Here is what is on this page:
Using a squid version other than the frontier-squid distribution
Squid has a lot of parameters that are set in a file called squid.conf. These should be tuned according to the application. What we are describing below are changes to the default parameters that are needed for the Frontier application. The normal application for squid is to cache internet web pages, which is a bit different than Frontier. For web pages there are lots and lots of rather small objects. In the Frontier application there are relatively few objects, but some of them are much bigger.
NOTE: WE STRONGLY DISCOURAGE attempting to use any version of squid-3.X prior to squid-3.5.28 (including the default squid on EL7) as it was missing crucial features (such as
collapsed_forwarding
, at least prior to 3.5 and even then it had such significant problems that we had to hire a consultant to fix them, see below) and bug fixes (such as
squid bug #7
) essential to Frontier. Red Hat only backports security patches, not features or bug fixes. If your squid is feeding other squids then definitely use
our distribution because all upstream squid versions still have a problem with the default ufs cache related to
squid bug #7
and we have included a simple patch for it. Do not use rock cache because it does not work properly with If-Modified-Since.
If you want to use squid-2, all versions of squid before September 2009 have a
bug
that affects Frontier performance, so you should use squid version squid-2.7.STABLE7 or later. If your squid-2 might be feeding other squids then we especially recommend using
our version as we have patches (for
squid bug #2831
and
squid bug #2833
) that were never released by the squid project.
Squid-3 & Squid-4 Gory Details: Squid-3 is a complete rewrite of squid in C++ instead of C so it took a very long time to catch up with all the features and stability of squid-2. Fortunately squid-4 is much more similar to squid-3, with only the addition of C++11 as a requirement.

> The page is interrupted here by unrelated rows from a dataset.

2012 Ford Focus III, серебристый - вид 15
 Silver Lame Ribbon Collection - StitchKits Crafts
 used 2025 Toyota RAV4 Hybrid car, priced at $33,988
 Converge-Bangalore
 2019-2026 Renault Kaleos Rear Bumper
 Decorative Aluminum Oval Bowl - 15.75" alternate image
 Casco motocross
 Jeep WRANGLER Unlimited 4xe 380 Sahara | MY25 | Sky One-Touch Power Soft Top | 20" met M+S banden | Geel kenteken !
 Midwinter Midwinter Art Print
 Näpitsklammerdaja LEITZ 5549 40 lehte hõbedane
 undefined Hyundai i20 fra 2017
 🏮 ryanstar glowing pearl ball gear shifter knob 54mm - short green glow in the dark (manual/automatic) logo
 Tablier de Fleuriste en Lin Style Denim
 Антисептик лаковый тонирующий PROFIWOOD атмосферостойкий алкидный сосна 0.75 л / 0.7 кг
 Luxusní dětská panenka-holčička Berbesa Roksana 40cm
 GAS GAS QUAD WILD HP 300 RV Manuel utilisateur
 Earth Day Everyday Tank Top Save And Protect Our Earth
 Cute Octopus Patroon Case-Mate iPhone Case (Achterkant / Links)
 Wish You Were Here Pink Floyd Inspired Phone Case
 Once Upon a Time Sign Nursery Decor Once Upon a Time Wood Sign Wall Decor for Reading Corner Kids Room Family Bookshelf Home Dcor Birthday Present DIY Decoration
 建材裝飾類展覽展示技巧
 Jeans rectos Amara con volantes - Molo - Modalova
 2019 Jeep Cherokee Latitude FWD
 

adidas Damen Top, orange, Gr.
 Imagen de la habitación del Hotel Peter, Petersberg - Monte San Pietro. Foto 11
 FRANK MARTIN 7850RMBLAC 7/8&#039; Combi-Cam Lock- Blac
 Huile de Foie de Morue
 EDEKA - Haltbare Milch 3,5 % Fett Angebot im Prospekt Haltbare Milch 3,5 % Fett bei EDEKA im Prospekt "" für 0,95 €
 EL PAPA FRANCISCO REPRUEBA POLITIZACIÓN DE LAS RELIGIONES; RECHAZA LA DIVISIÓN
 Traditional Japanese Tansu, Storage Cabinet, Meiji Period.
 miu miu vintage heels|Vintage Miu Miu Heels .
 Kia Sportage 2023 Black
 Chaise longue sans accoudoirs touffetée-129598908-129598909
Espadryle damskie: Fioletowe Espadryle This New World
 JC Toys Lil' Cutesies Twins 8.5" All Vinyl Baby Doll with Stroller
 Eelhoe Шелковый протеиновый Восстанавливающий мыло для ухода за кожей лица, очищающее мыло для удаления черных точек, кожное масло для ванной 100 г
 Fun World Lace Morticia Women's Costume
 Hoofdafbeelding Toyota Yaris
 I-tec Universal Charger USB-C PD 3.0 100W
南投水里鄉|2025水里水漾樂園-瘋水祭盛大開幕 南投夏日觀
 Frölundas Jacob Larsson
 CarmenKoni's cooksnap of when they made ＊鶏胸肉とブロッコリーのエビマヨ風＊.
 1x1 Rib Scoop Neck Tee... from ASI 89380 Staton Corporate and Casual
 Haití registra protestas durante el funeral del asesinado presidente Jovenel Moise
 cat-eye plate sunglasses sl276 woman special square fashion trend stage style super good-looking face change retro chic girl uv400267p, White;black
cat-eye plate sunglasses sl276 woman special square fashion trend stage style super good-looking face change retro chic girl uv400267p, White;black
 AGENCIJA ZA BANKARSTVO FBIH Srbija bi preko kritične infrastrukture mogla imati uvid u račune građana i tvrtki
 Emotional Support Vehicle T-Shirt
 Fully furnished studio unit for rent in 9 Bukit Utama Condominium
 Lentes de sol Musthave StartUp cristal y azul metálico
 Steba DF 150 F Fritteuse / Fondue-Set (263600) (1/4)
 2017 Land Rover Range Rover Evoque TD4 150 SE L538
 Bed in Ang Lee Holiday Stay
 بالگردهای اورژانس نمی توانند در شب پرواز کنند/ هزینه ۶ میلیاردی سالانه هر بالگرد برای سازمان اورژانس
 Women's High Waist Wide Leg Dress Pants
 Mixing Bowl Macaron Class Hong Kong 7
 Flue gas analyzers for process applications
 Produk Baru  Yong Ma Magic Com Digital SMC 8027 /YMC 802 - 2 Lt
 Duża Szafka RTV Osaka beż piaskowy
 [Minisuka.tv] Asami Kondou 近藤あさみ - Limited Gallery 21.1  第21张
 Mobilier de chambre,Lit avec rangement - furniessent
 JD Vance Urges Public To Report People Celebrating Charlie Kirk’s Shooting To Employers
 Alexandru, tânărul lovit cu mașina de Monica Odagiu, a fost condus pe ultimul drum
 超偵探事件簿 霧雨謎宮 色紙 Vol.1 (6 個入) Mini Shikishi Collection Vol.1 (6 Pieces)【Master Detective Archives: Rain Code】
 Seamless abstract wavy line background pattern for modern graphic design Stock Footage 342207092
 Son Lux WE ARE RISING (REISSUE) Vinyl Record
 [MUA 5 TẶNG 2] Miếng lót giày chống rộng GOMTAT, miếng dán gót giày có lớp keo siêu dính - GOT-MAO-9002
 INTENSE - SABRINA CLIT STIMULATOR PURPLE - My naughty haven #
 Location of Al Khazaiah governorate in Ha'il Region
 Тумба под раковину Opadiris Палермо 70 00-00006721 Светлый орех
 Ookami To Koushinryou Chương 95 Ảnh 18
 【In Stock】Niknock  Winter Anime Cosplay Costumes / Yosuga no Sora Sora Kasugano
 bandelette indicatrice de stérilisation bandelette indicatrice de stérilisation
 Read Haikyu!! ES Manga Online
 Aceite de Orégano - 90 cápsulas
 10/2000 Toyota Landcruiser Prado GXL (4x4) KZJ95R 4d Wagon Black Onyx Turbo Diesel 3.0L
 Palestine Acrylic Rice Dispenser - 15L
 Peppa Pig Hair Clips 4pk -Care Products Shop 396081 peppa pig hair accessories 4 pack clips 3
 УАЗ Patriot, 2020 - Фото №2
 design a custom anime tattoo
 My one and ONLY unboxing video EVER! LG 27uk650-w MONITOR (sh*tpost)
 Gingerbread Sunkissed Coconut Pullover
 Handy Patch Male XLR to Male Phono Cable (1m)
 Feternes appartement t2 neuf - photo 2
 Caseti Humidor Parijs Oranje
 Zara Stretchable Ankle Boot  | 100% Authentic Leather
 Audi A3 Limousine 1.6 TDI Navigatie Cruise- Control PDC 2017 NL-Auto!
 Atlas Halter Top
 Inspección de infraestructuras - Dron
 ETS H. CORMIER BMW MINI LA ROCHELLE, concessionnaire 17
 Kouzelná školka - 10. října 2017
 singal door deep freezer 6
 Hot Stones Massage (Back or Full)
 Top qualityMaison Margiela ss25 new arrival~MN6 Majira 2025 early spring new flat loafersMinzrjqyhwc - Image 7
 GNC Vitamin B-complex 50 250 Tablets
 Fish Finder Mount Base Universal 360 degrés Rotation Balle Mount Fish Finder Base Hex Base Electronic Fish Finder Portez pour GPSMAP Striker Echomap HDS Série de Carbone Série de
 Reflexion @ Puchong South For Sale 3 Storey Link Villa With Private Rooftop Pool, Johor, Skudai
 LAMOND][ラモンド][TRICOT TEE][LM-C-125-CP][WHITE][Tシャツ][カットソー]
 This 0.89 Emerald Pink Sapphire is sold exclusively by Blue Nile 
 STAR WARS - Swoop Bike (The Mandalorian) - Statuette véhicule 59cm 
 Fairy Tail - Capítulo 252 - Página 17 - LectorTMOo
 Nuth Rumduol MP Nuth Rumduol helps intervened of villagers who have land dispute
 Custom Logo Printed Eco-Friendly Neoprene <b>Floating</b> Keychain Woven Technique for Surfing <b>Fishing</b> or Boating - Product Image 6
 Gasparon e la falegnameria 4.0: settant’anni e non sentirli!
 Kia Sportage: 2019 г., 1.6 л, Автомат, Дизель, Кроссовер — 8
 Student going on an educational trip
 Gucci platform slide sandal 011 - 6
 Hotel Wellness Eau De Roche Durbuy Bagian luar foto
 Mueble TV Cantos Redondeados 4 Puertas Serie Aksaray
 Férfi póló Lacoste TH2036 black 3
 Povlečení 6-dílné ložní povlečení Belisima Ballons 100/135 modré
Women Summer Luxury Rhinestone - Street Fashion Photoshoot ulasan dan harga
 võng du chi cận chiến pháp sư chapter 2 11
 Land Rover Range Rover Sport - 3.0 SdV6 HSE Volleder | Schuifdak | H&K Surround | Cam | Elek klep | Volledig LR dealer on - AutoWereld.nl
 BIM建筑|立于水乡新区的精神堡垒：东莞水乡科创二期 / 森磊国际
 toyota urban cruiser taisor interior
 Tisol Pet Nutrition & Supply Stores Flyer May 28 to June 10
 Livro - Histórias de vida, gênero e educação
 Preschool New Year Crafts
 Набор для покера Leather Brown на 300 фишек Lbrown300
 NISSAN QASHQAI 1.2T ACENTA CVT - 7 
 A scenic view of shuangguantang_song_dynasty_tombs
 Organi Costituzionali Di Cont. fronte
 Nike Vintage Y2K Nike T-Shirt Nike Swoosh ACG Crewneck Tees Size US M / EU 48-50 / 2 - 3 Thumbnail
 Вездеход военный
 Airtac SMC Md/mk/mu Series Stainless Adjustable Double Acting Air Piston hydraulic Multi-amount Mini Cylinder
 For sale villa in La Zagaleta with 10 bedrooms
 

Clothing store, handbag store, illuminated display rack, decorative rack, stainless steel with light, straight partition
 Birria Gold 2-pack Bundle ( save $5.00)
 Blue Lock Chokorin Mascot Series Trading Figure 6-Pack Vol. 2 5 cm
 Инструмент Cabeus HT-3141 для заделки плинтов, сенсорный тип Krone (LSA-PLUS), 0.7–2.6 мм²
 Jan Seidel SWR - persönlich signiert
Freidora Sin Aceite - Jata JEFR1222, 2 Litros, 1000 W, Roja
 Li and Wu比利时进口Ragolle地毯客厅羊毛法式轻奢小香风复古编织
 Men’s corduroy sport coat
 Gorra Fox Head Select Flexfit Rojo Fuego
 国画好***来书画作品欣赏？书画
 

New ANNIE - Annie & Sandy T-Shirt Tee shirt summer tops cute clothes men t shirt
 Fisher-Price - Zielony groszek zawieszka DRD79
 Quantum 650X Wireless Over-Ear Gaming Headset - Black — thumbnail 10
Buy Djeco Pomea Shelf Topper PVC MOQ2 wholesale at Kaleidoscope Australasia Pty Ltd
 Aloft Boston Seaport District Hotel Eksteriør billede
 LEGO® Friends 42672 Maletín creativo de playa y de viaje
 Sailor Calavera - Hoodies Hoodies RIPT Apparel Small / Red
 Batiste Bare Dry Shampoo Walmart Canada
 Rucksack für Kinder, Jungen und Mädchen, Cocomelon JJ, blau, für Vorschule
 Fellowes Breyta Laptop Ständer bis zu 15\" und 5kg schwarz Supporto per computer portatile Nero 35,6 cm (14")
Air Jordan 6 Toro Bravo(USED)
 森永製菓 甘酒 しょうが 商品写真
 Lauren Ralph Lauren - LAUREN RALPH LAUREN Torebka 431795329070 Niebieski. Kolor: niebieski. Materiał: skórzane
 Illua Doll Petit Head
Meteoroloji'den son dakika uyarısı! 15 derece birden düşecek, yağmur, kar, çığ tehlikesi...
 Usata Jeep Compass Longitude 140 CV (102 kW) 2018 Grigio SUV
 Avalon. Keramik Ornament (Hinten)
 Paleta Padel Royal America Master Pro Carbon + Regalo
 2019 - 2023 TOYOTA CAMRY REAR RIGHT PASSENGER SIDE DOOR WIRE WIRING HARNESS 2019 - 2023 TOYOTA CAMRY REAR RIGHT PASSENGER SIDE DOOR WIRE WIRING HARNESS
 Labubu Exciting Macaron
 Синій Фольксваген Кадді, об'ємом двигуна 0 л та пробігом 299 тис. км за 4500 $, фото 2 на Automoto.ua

Collapsed_forwarding was added to squid-3.5, but it only worked for the initial loading of cached items, not for revalidating or reloading anything already cached but expired, and when not using rock cache it
caused deadlocks
with multiple workers. In any case Frontier cannot use rock cache in squid-3 because it is still susceptible to
squid bug #7
(the problem is more succinctly stated in
squid bug #4324
). That problem with rock cache was resolved in squid-4.2, but then an additional problem documented in
squid bug #4890
was discovered with rock cache + collapsed forwarding + If-Modified-Since and is not yet fixed, so we still cannot use rock cache with squid-4. A fix for
squid bug #2831
is in squid-3.5.16. squid-3.5.21 included a fix for
squid bug #4428
which Frontier needs. We hired a consultant to fix bugs
#2833
,
#4311
, and
#4471
which describe problems with collapsed forwarding. The patches for those bugs were included in squid-3.5.22, but squid-3.5.23 broke the fix for bug #2833; it was fixed again in squid-3.5.27. Also, although
squid bug #7
was mostly fixed in squid-3.5, a small subset of the problem showed up again and we have a patch for that in our version which is not yet in any upstream squid version. Our version has a workaround for
bug #4575
which caused many wasted DNS lookups and which has not yet been fixed in any upstream squid version, although the workaround can be applied by configuration (instructions below). Frontier-squid-3 had patches for
#3952
and
#4616
that didn't get into any upstream squid-3.x version, but they did get into squid-4.3. A fix for
#4767
which was a problem with IPv6 on multiple workers was included in frontier-squid-3.5.27 but it was fixed in upstream 3.5.28 and 4.2. Additional bugs (
#4735
,
#5022
,
#5030
, and
#5036
) have been fixed in frontier-squid-4 releases earlier than they have been released upstream, because they affected the grid community first and we fixed them. Bug #5030 in particular is an important one which fixes negative caching, to protect cvmfs stratum 1s from getting many hits for missing cvmfs repositories; it has been accepted by the squid project but not make it into release 4.11.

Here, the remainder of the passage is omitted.